Work order –
Each line below from the line with "Aloe penduliflora photo 3" to the line with "tracey langley (@traceylangley)" must be copied exactly, including those two, and no picture may appear in the copy.

Records for the task –
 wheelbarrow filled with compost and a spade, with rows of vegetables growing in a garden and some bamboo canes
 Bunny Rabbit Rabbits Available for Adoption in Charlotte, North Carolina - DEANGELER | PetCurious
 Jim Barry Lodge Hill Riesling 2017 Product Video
...
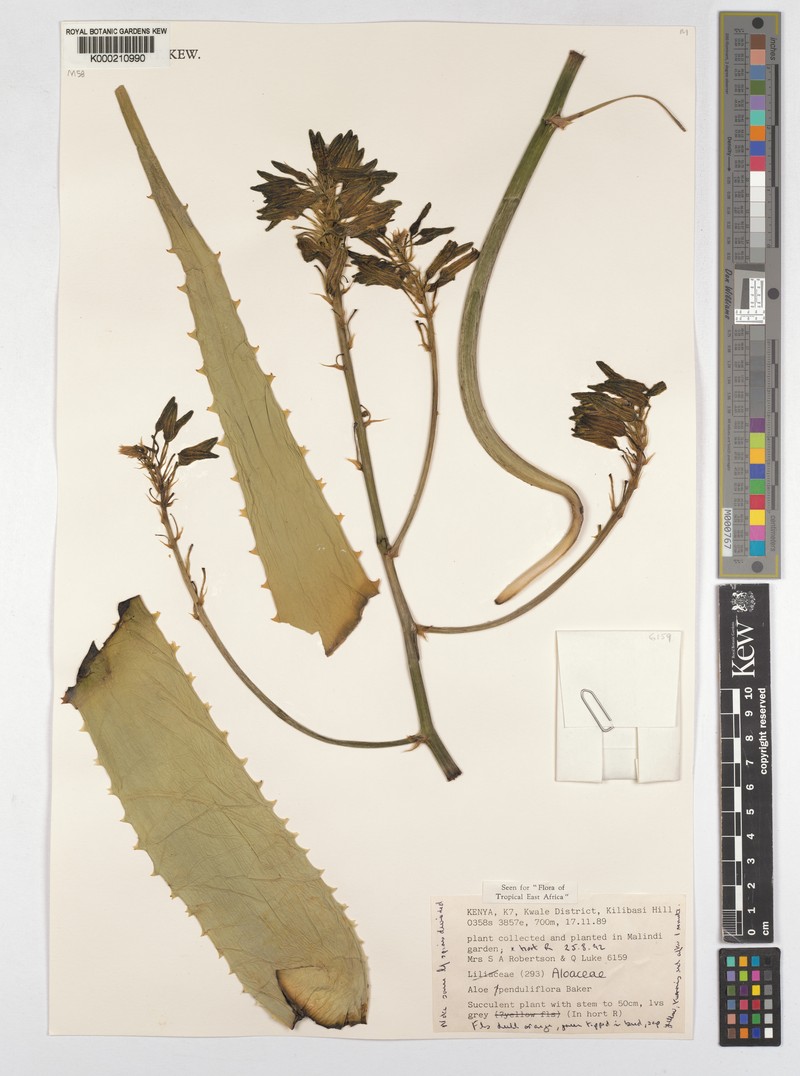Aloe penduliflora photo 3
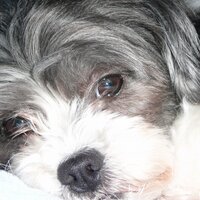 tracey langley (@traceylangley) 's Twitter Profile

Exercise response –
Aloe penduliflora photo 3
 tracey langley (@traceylangley) 's Twitter Profile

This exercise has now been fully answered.